[Opening DATA FOR ANALYSIS section]

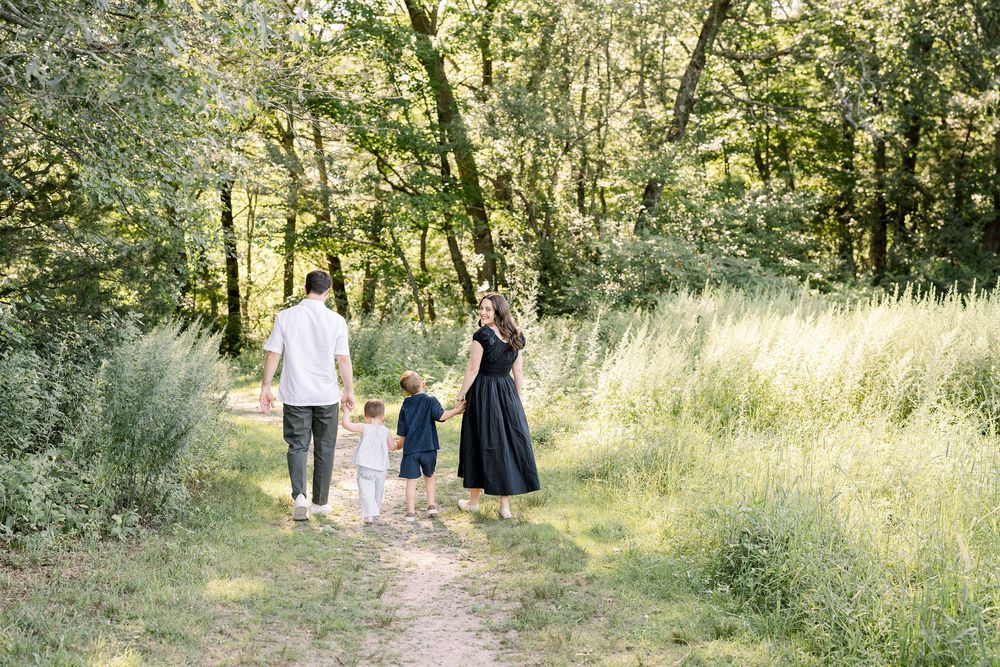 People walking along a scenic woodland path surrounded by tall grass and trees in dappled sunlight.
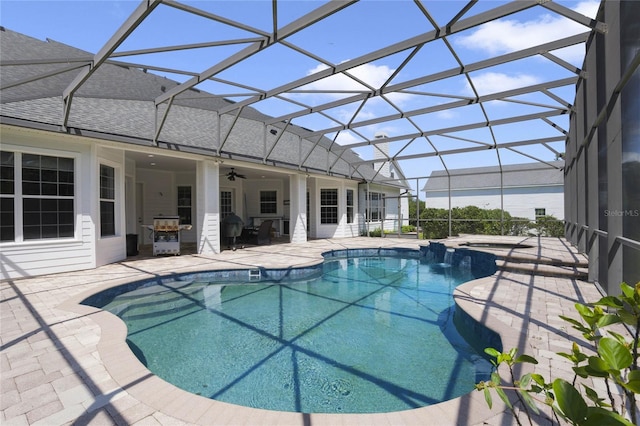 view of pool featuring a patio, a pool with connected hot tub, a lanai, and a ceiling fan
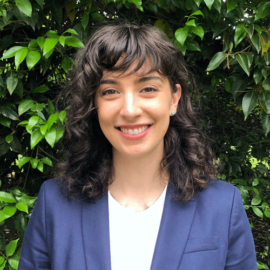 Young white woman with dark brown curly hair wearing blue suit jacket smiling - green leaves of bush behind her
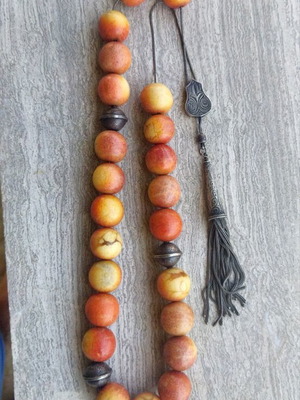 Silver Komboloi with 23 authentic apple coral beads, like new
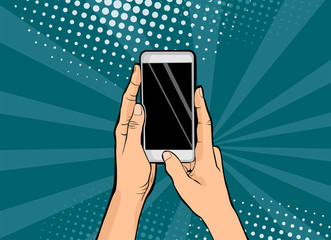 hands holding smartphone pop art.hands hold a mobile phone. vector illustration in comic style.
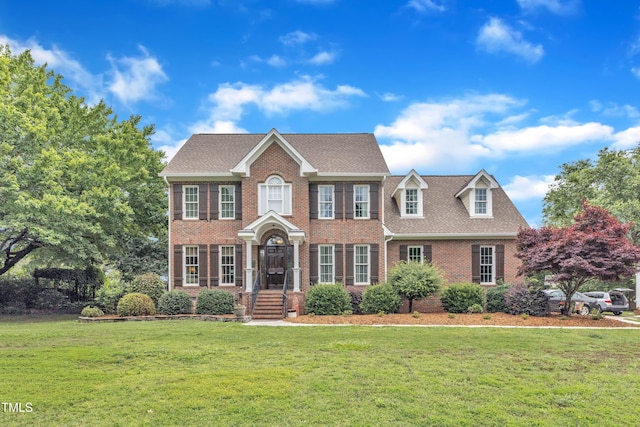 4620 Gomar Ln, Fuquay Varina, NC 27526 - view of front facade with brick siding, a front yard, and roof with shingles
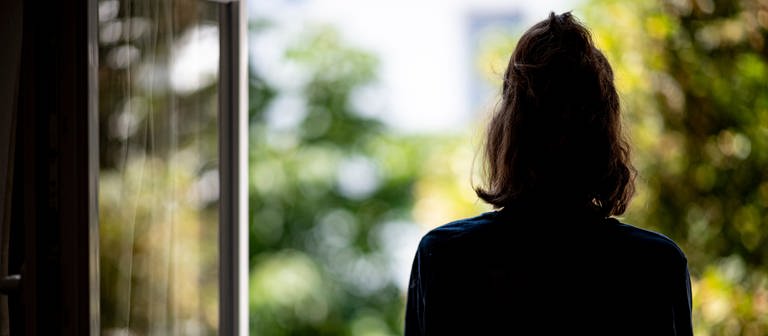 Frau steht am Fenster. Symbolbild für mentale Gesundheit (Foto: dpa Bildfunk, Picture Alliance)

[Closing DATA FOR ANALYSIS section]
[Opening DATA FOR ANALYSIS section]

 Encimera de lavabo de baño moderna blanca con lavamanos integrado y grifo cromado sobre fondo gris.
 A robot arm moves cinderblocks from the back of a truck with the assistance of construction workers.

[Closing DATA FOR ANALYSIS section]
[Opening DATA FOR ANALYSIS section]

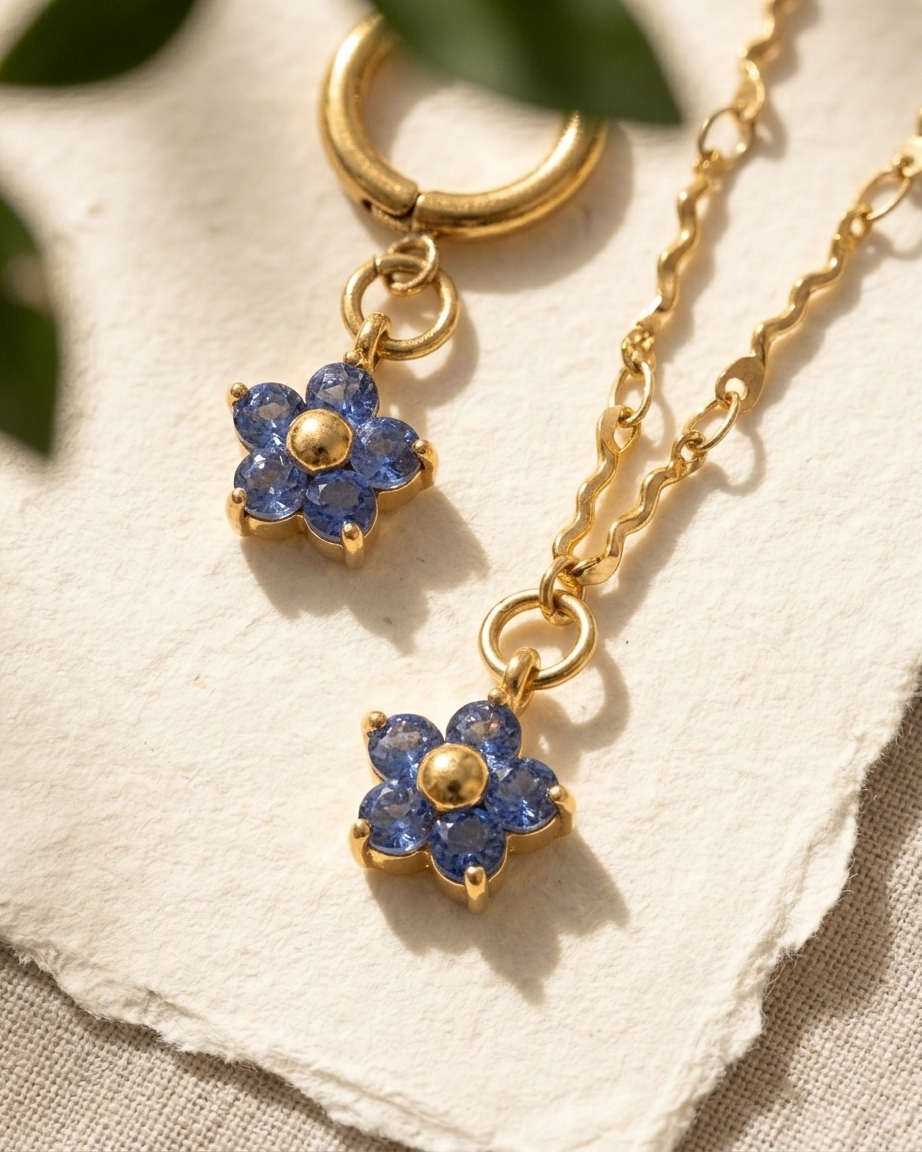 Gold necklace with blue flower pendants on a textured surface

[Closing DATA FOR ANALYSIS section]

In the listing above, the required lines run from the line with "People walking along" through the line with "4620 Gomar Ln, Fuquay". Output exactly those lines, omitting pictures.

 People walking along a scenic woodland path surrounded by tall grass and trees in dappled sunlight.
 view of pool featuring a patio, a pool with connected hot tub, a lanai, and a ceiling fan
 Young white woman with dark brown curly hair wearing blue suit jacket smiling - green leaves of bush behind her
 Silver Komboloi with 23 authentic apple coral beads, like new
 hands holding smartphone pop art.hands hold a mobile phone. vector illustration in comic style.
 4620 Gomar Ln, Fuquay Varina, NC 27526 - view of front facade with brick siding, a front yard, and roof with shingles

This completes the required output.